- **EXERCISE AIM**:
Your answer must be an exact copy of the records, with no pictures included.

——

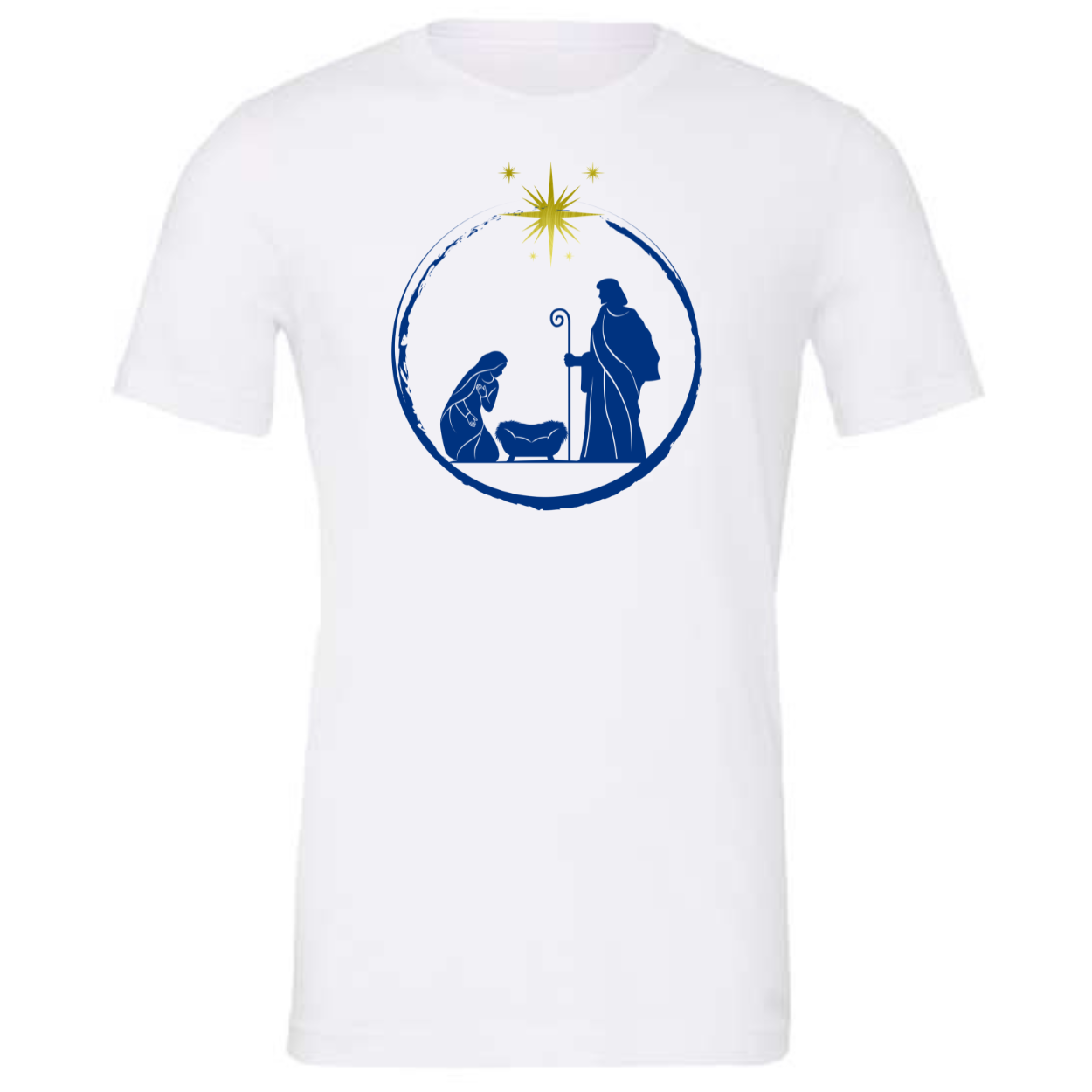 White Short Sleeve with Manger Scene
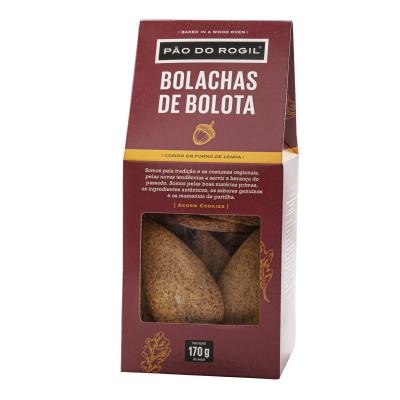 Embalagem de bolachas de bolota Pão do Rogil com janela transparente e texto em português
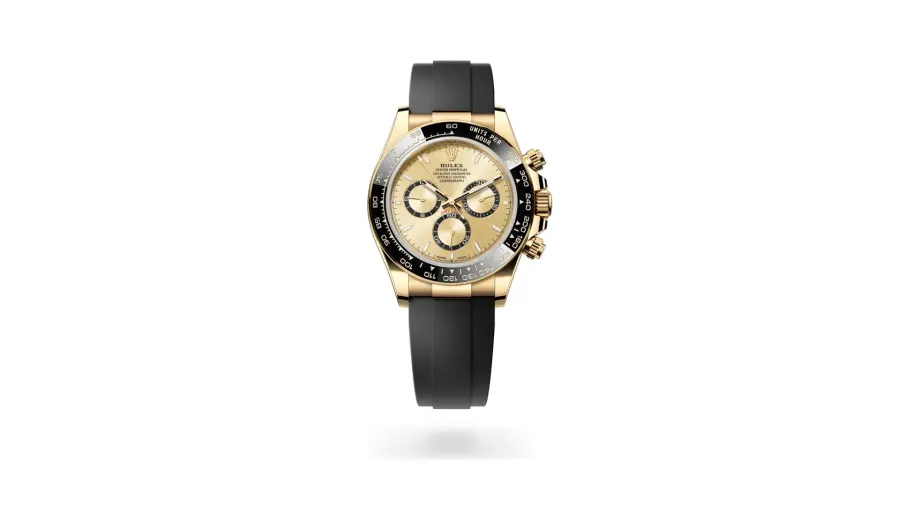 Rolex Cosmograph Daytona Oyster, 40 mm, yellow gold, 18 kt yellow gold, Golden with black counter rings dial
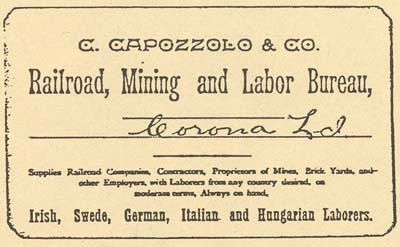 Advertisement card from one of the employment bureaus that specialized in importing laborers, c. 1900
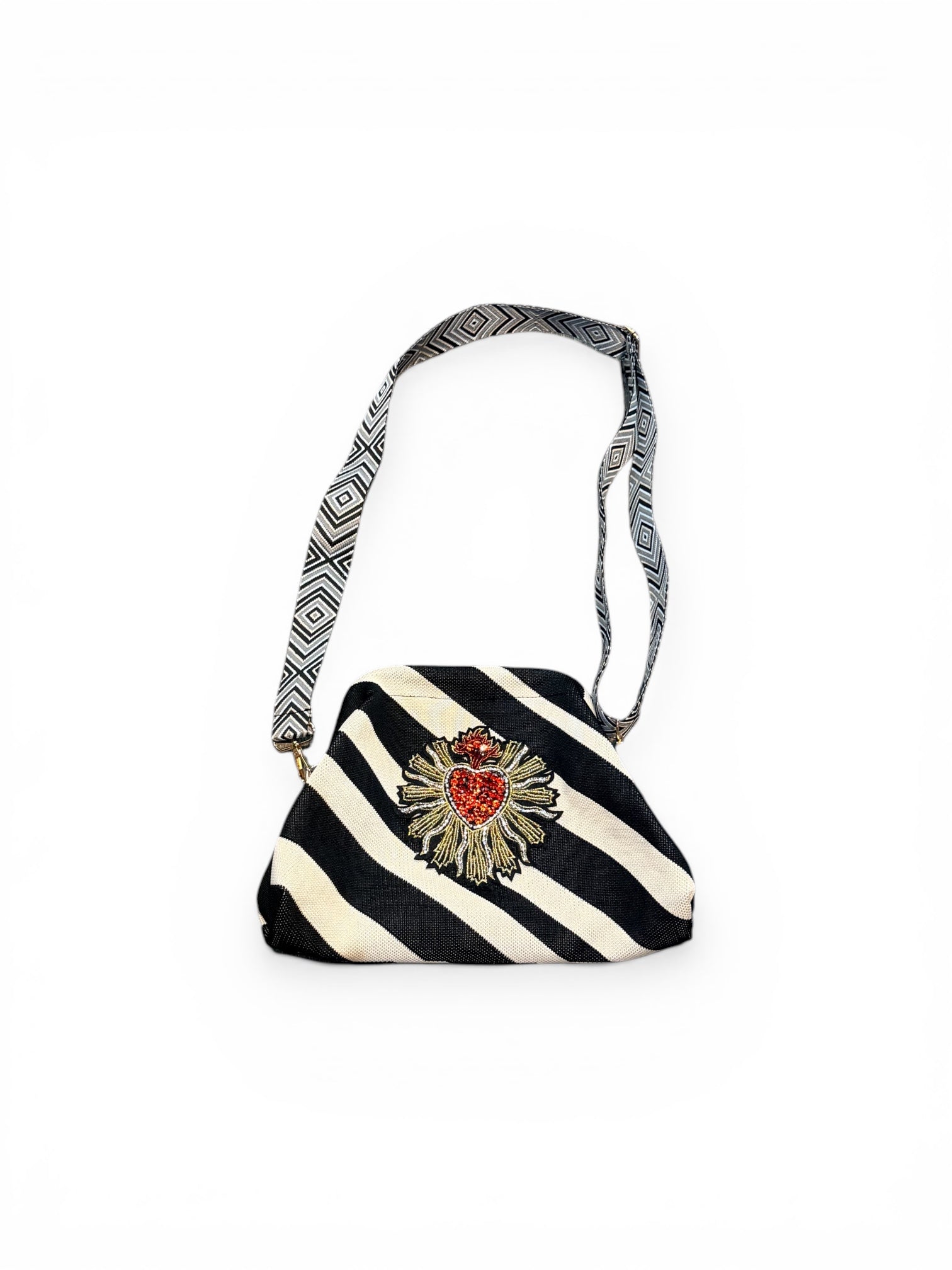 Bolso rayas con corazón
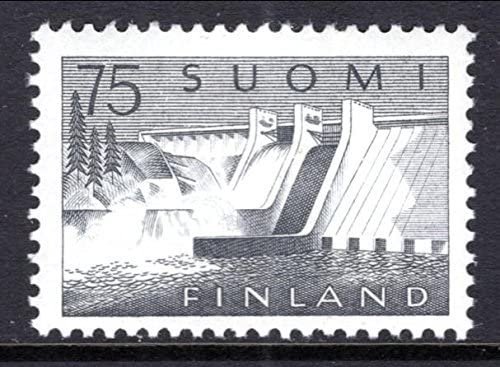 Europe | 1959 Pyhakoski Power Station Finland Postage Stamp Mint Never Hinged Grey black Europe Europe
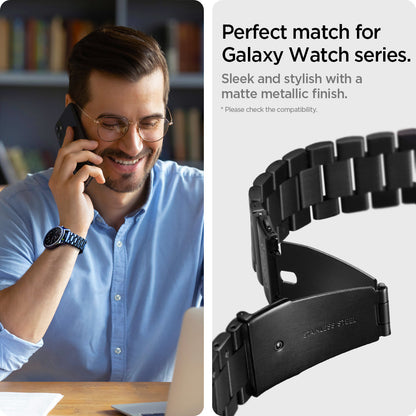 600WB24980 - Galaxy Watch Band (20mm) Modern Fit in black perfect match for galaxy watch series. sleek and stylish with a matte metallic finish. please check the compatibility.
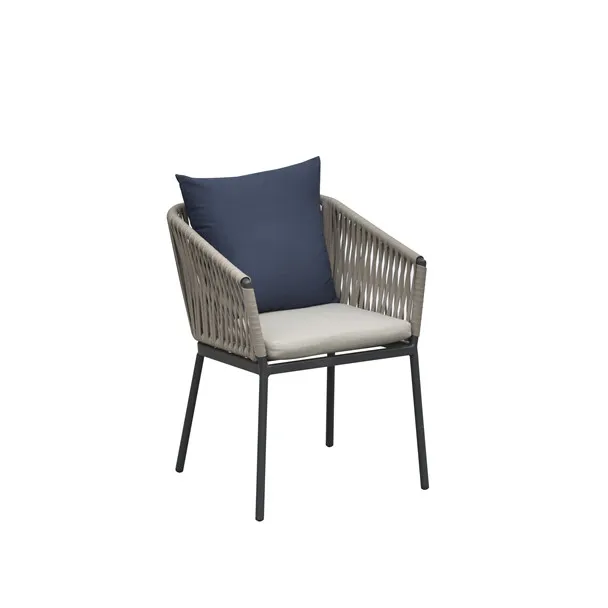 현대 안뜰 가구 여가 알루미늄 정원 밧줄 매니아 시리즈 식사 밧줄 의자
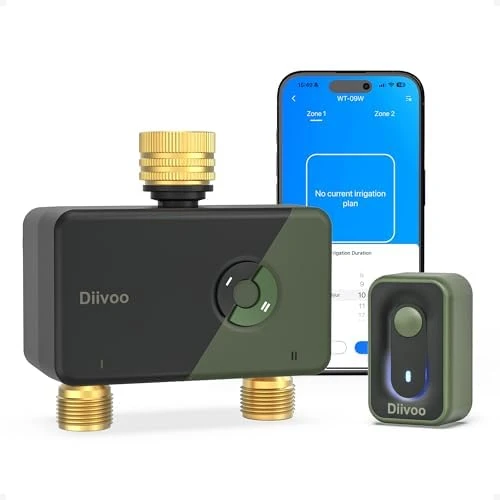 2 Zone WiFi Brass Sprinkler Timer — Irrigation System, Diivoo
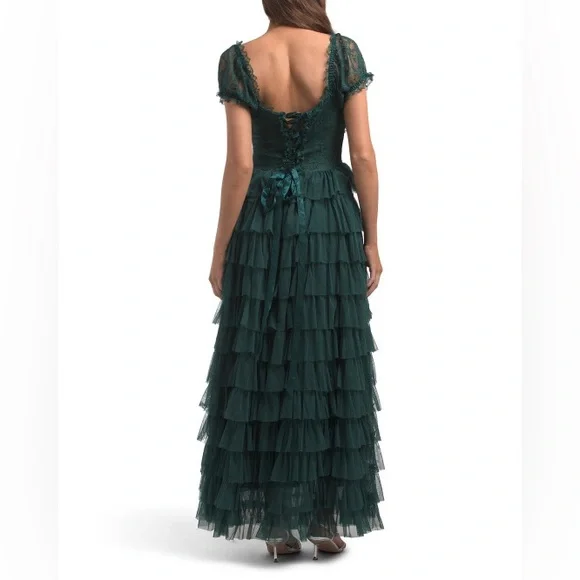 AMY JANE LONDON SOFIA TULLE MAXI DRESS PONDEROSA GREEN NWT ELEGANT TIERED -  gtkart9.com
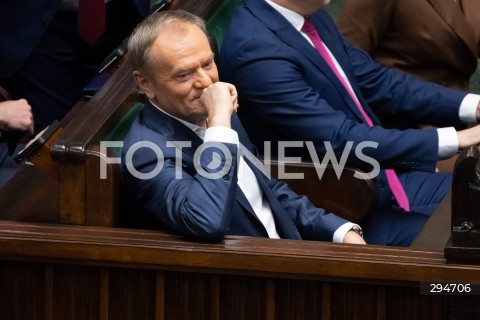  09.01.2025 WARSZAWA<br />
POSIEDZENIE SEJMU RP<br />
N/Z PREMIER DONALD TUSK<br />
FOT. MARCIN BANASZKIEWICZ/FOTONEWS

——

- **WRITTEN RESPONSE**:
 White Short Sleeve with Manger Scene
 Embalagem de bolachas de bolota Pão do Rogil com janela transparente e texto em português
 Rolex Cosmograph Daytona Oyster, 40 mm, yellow gold, 18 kt yellow gold, Golden with black counter rings dial
 Advertisement card from one of the employment bureaus that specialized in importing laborers, c. 1900
 Bolso rayas con corazón
 Europe | 1959 Pyhakoski Power Station Finland Postage Stamp Mint Never Hinged Grey black Europe Europe
 600WB24980 - Galaxy Watch Band (20mm) Modern Fit in black perfect match for galaxy watch series. sleek and stylish with a matte metallic finish. please check the compatibility.
 현대 안뜰 가구 여가 알루미늄 정원 밧줄 매니아 시리즈 식사 밧줄 의자
 2 Zone WiFi Brass Sprinkler Timer — Irrigation System, Diivoo
 AMY JANE LONDON SOFIA TULLE MAXI DRESS PONDEROSA GREEN NWT ELEGANT TIERED -  gtkart9.com
  09.01.2025 WARSZAWA<br />
POSIEDZENIE SEJMU RP<br />
N/Z PREMIER DONALD TUSK<br />
FOT. MARCIN BANASZKIEWICZ/FOTONEWS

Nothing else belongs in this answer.